What do you want to achieve during your term?
I envision a waste-less and more energy-efficient campus, with graduates more aware of environmental issues both when they are in Cambridge and after graduation.
What experience do you bring to the role?
First, I am familiar with the dynamics of leading environmental campaigns on campus, because I took similar roles as an undergraduate when I was studying in the Hong Kong University of Science and Technology. It taught me how to strike the balance between being ambitious and staying realistic – it helps to lead efficient and effective campaigns.
Second, I am aware of the cultural differences for leading environmental campaigns among this very international community at Cambridge. Personally, I have lived and worked in mainland China, Hong Kong, the Netherlands and the United States, on top of travelling to 25 other countries. I understand, for example, recycling is not something you would naturally think of if you have been raised in a country with lousy waste collection services. These differences need to be taken into account during planning and implementing the campaigns.

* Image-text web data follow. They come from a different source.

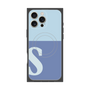 プレミアムパネル with MagSafe［ オリジナル - initial two tone - S blue ］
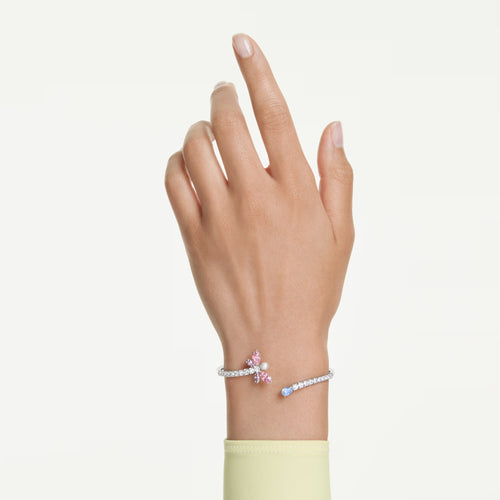 Ariana Grande x Swarovski bangle Mixed cuts, Dragonfly, Multicolored, Rhodium plated 5737401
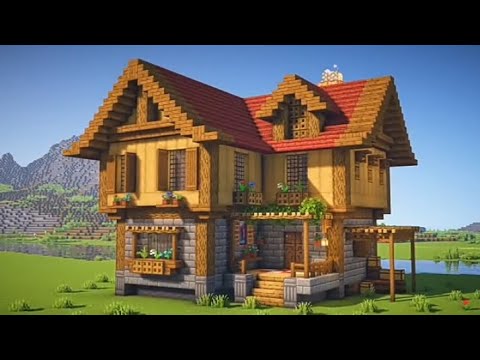 EPIC MINECRAFT WOODEN HOUSE BUILD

Last but not least, my work experience and learning count. I am a civil engineer by profession before I came to Cambridge, and I am here to study an MPhil in environmental policy. Previous work experience has taught me how to analyse and solve problems, and the current learning would tune me for better tackling environmental issues.
How would you like to collaborate with Environmental Officers in the MCRs?
I would like to enhance the communication and promote collaboration among Environmental Officers in the MCRs. I hope to arrange meetings where different MCRs could exchange green ideas and best environmental practices for collaborative initiatives. I also notice that there are many environment-focused student societies in Cambridge. I would outreach to them for possible collaboration.
What ideas do you have for campaigns and events in the coming year?
One of the ideas I have is to run a series of workshops introducing the “life” of our wastes. A lot of us do not recycle, and those who do may not have been doing it in the correct way. By introducing the “life” of our wastes, people could be inspired to produce wastes more responsibly. As each year GU is welcoming a lot of one-year MPhil students, it would be beneficial to document these guidelines and encourage MCRs to include them in the orientation documents they distribute to new members in the future.
I have to admit that I am still new to this campus and I would keep my eyes and ears open to environmental issues for campaign and event ideas.
Should Environmental Officers focus on influencing individuals’ behaviour or institutional policies?
Influencing individuals’ behaviour and institutional policies should both be the responsibilities of an Environmental Officer. For the upcoming session, I believe that more attention should be placed on influencing individuals’ behaviour because we have not quite achieved what the institution policies have been targeted for. Take waste reduction as an example, it would be pointless to increase the target percentage of waste recycling while individuals are still confused standing in front of recycling bins and end up throwing the wrong things into the wrong bins. In the upcoming year, I would like to focus on bridging the gap between individuals’ behaviour and the prevailing guidelines, while at the same time propose more practical and sustainable policies whenever necessary.